A Sem Terra Maria do Carmo questionou que projeto a população vai apoiar: aquele que assenta famílias, que tem distribuição de área e renda, que tem produção de arroz ecológico; ou um projeto de mineração que expulsa pessoas de seus territórios e corre o risco sério de poluir. Já Naieth chamou a população para a luta. “A gente tem que conversar todos os dias com o amigo, com o vizinho. Porque só assim a gente vai conseguir parar eles”, disse. Reforçando a importância da mobilização, Paiakan reiterou: “nós estamos dispostos a lutar pelo nosso território, não vamos abrir mão do nosso espaço para fazer mineração”.

Manifesto Público

Durante a assembleia popular foi lançado um manifesto que trata do posicionamento dos participantes em relação à mineração. Entre as reivindicações está a realização de audiências públicas em Porto Alegre e cidades impactadas, para que a população conheça os impactos dos projetos das mineradoras. O documento também exige que o governador gaúcho Eduardo Leite (PSDB) e a Fundação Estadual de Proteção Ambiental (Fepam) rejeitem as instalação de minas no estado. Confira na íntegra:

Nós, movimentos populares, sociedade civil e comunidades em conflito, alertamos para a preocupante proposta de quatro projetos de mineração já em execução no nosso estado. São eles: Mina Guaíba em Charqueadas e Eldorado do Sul, para mineração de carvão; Retiro em São José do Norte, para extração de titânio; Três Estradas em Lavras do Sul, para exploração de fosfato; e o de Caçapava do Sul, para mineração de cobre, zinco e outro minerais. O plano para a mineração no estado não se resume aos quatro projetos que já estão em andamento, no total temos 166 propostas de mineração.

Sabemos que a situação do Brasil é calaminante, na qual os nossos direitos não estão resguardados, as riquezas naturais são saqueadas e o meio ambiente sofre com a exploração predatória, que visam somente ao lucro das multinacionais. Os projetos de mineração previstos para o Rio Grande do Sul fazem parte do plano dos governos Jair Bolsonaro e Eduardo Leite de entrega do país e do estado, sem qualquer compromisso com a população e suas necessidades. 

Somente a Mina Guaíba da mineradora Copelmi prevê a extração de 166 milhões de toneladas de carvão a partir de 2023, ocupando um território de 4.373,3 hectares, o maior céu aberto do país distante somente 15 km de Porto Alegre. A instalação da mina comprometerá a água e o ar de 4,3 milhões de habitantes, que serão afetados pela poluição e pela contaminação, além de inviabilizar a produção de arroz orgânico em Eldorado do Sul. No lugar da produção de comida saudável teremos uma imensa mina poluídora com pouquíssimos postos de trabalho e quase nada de pagamento de impostos. 

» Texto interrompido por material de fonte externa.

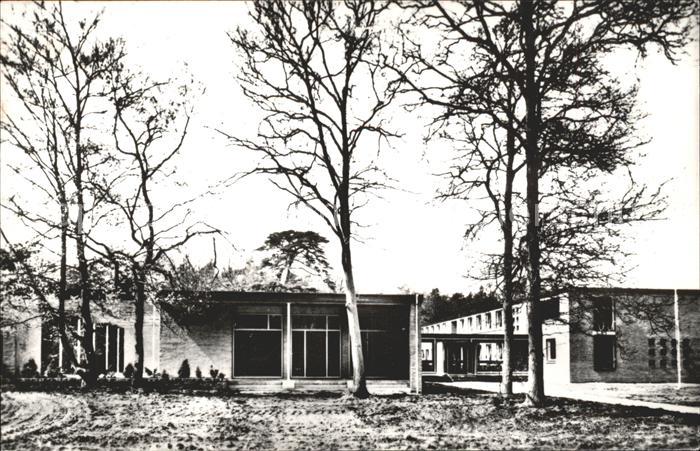 Lage Vuursche Koos Vorrink Huis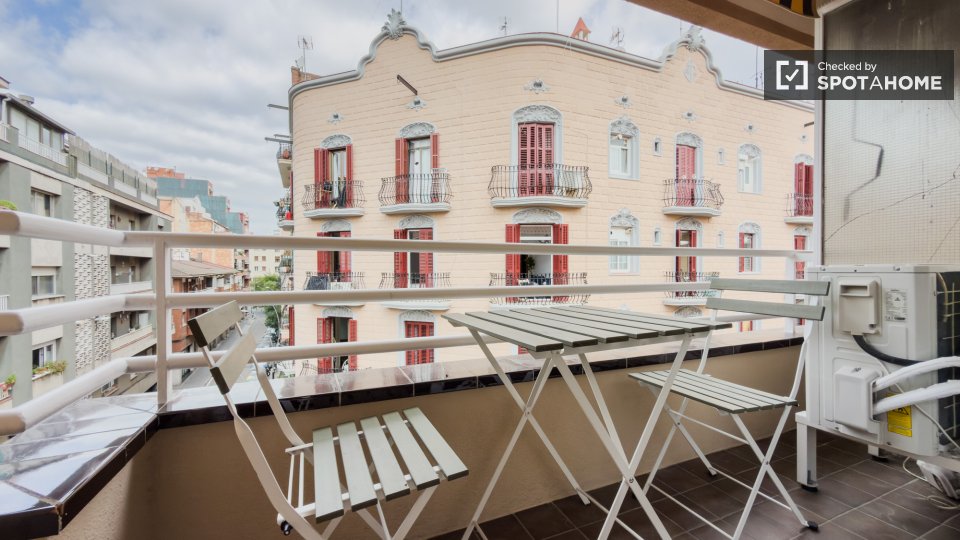 Apartment Barcelona, 3 beds — photo 13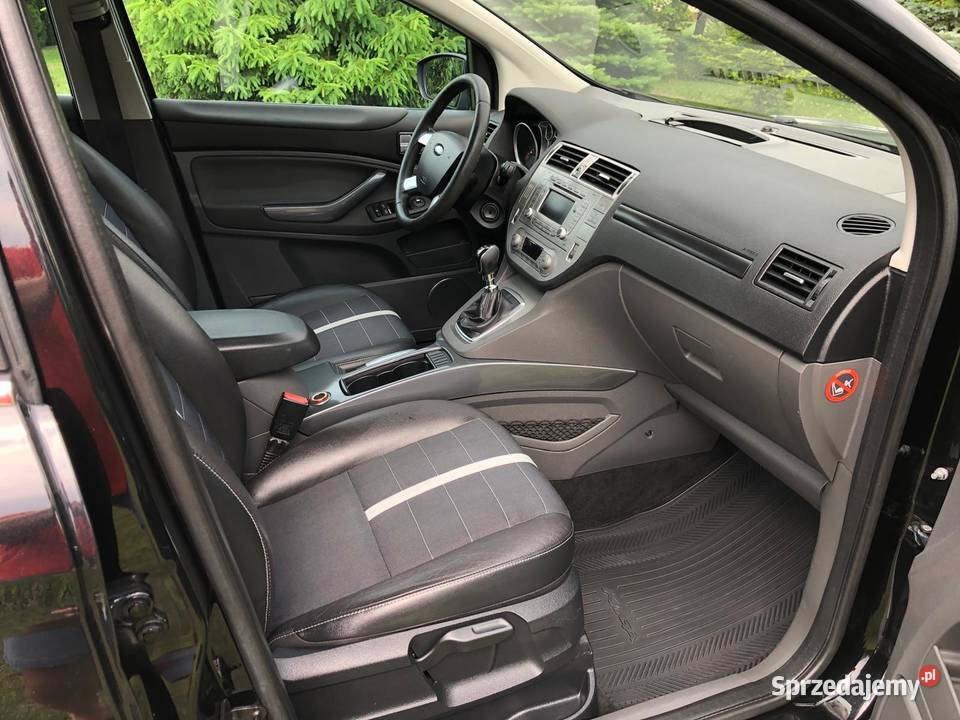 Ford Kuga 4x4 20 Cdti nieuszkodzony Zakurzewo sprzedam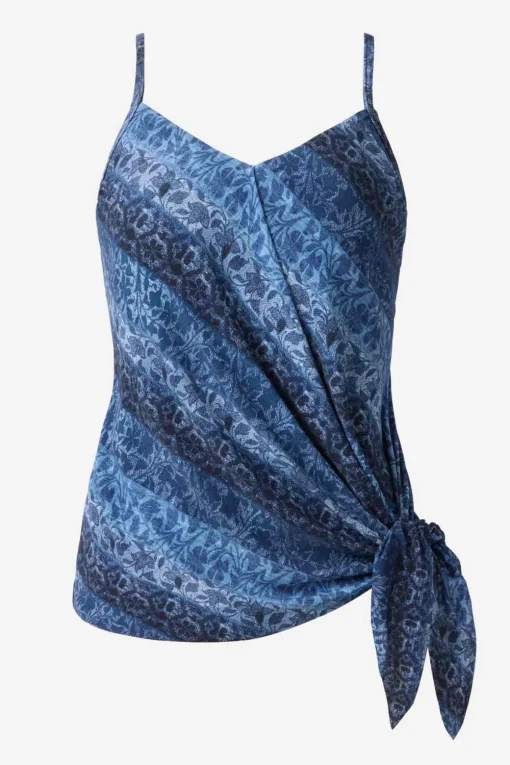 Via Roma Alex Tankini Top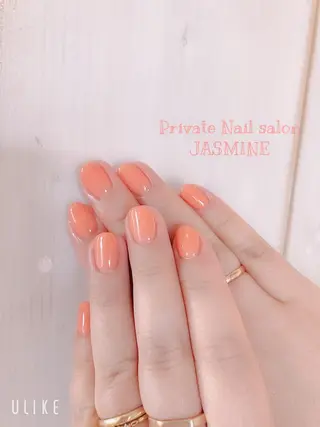 ネイル Nail salon JASMINEのネイルデザイン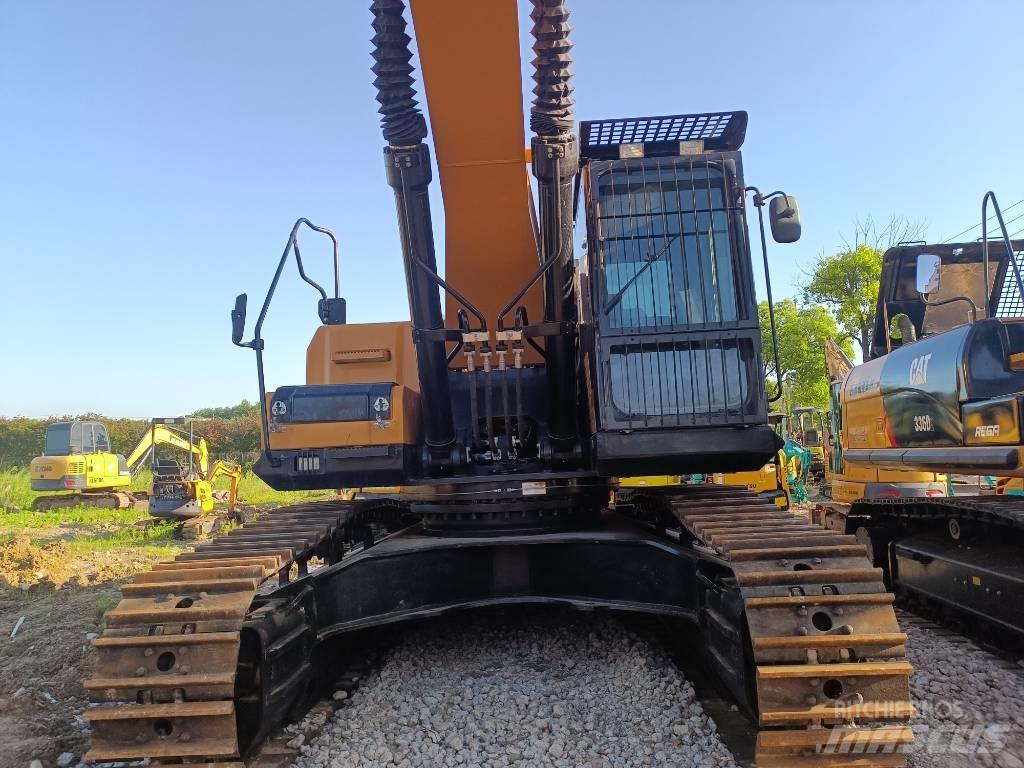 Sany SY 550 H Vikšriniai ekskavatoriai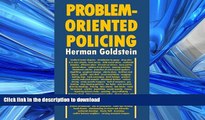 DOWNLOAD Problem-Oriented Policing READ NOW PDF ONLINE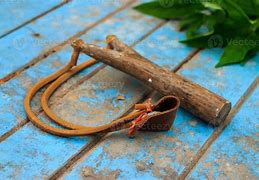 Image result for Classic Wood Slingshot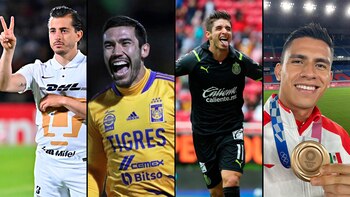 Von Alan Mozo bis Vigón: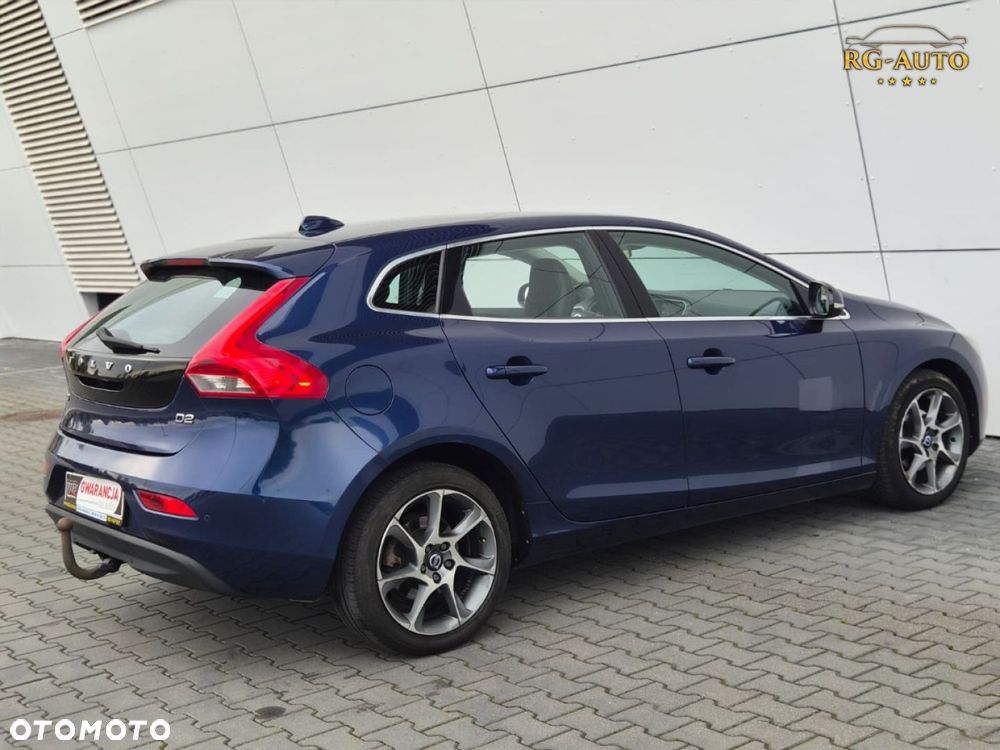 Volvo V40 - 21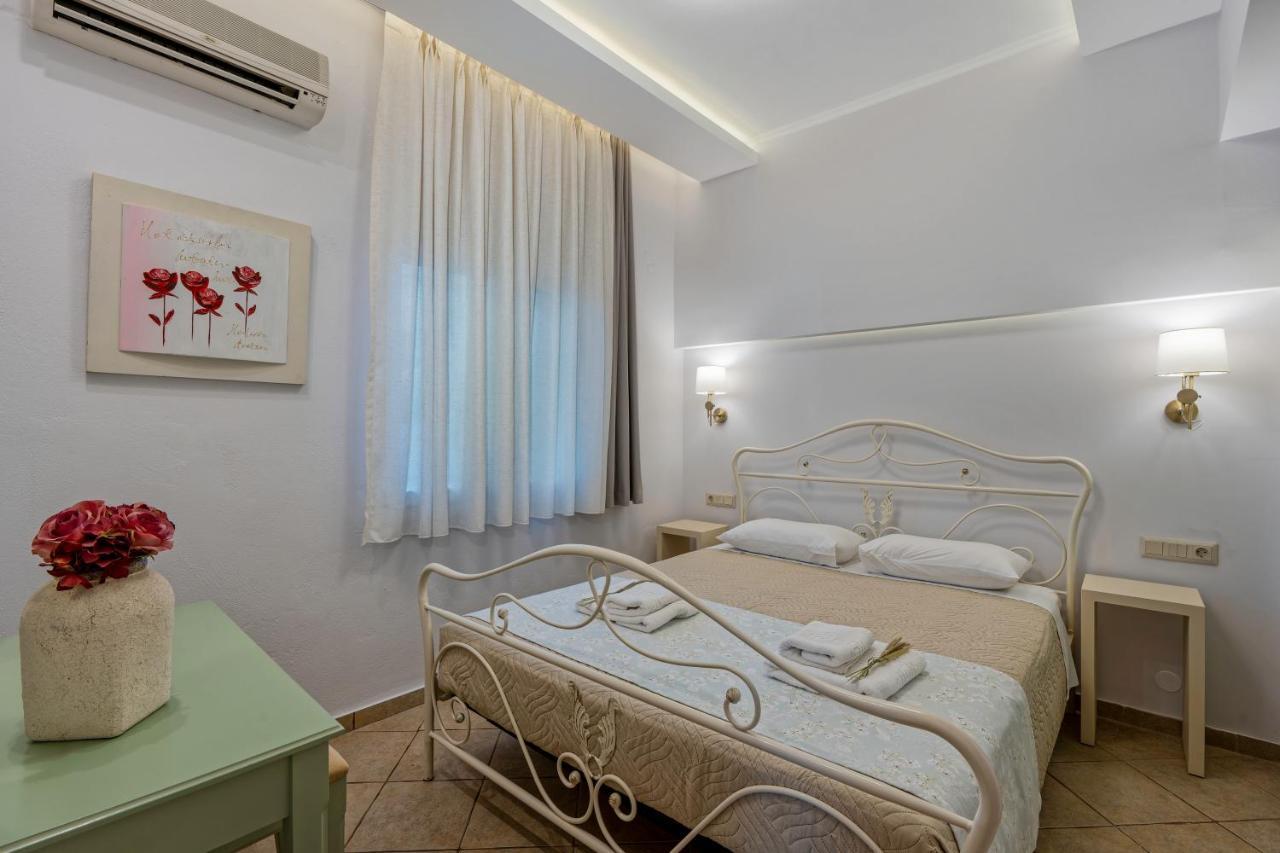 Aneria Suites Эпископи Экстерьер фото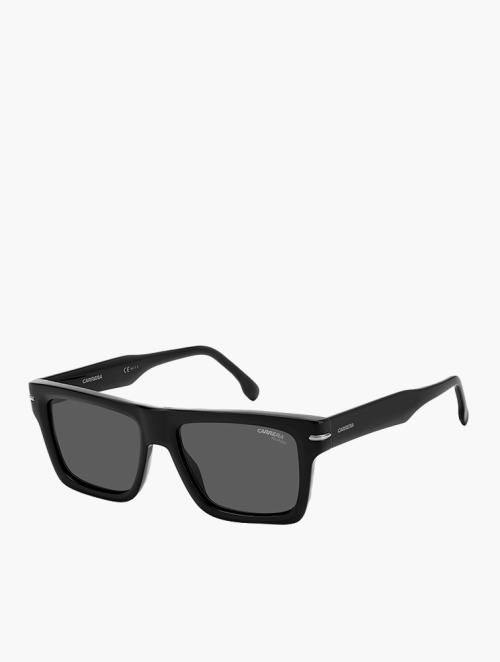 Carrera Eyewear Black Flat Top Sunglasses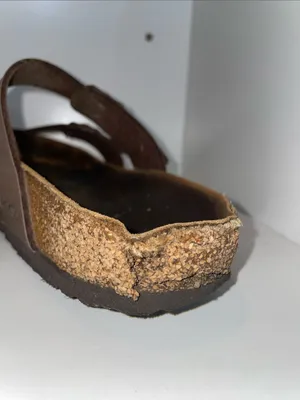 Birkenstock Mayari Slide Sandals Size 39 / 8-8.5 thumbnail 5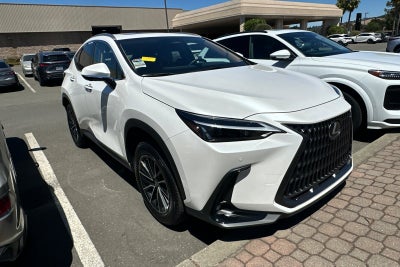 2025 Lexus NX NX 350h Premium AWD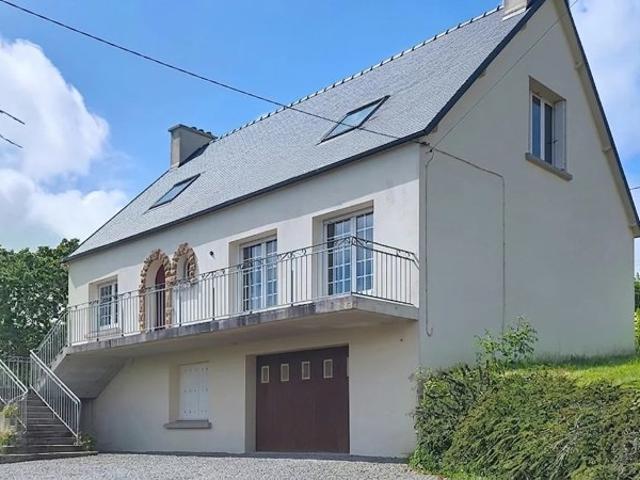 Maison 8 pièces à vendre à Loperhet Exclusivité HABASQUE IMMOBILIER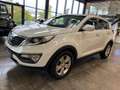 Kia Sportage Attract 4WD *1. Hand*Klima*PDC* Weiß - thumbnail 2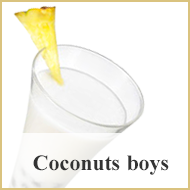 Coconuts boys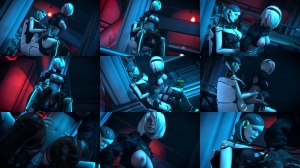 Edi and 2b NoBlind Fem Patreon new 3d hentai porn videos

Por isso, resistimos a essa grave ameaça às nossas vidas, cidades e meio ambiente. Exigimos que audiências públicas sejam realizadas em Porto Alegre e cidades impactadas pela mineração com a população que desconhecem os projetos das mineradoras e seus impactos desastrosos, e que o governador Eduardo Leite e a Fepam rejeitem as instalações das minas em nosso estado. Afirmamos: o Rio Grande do Sul não será o novo Brumadinho de Minas Gerais.

Por um país soberano e sério, contra o saque dos nossos minérios!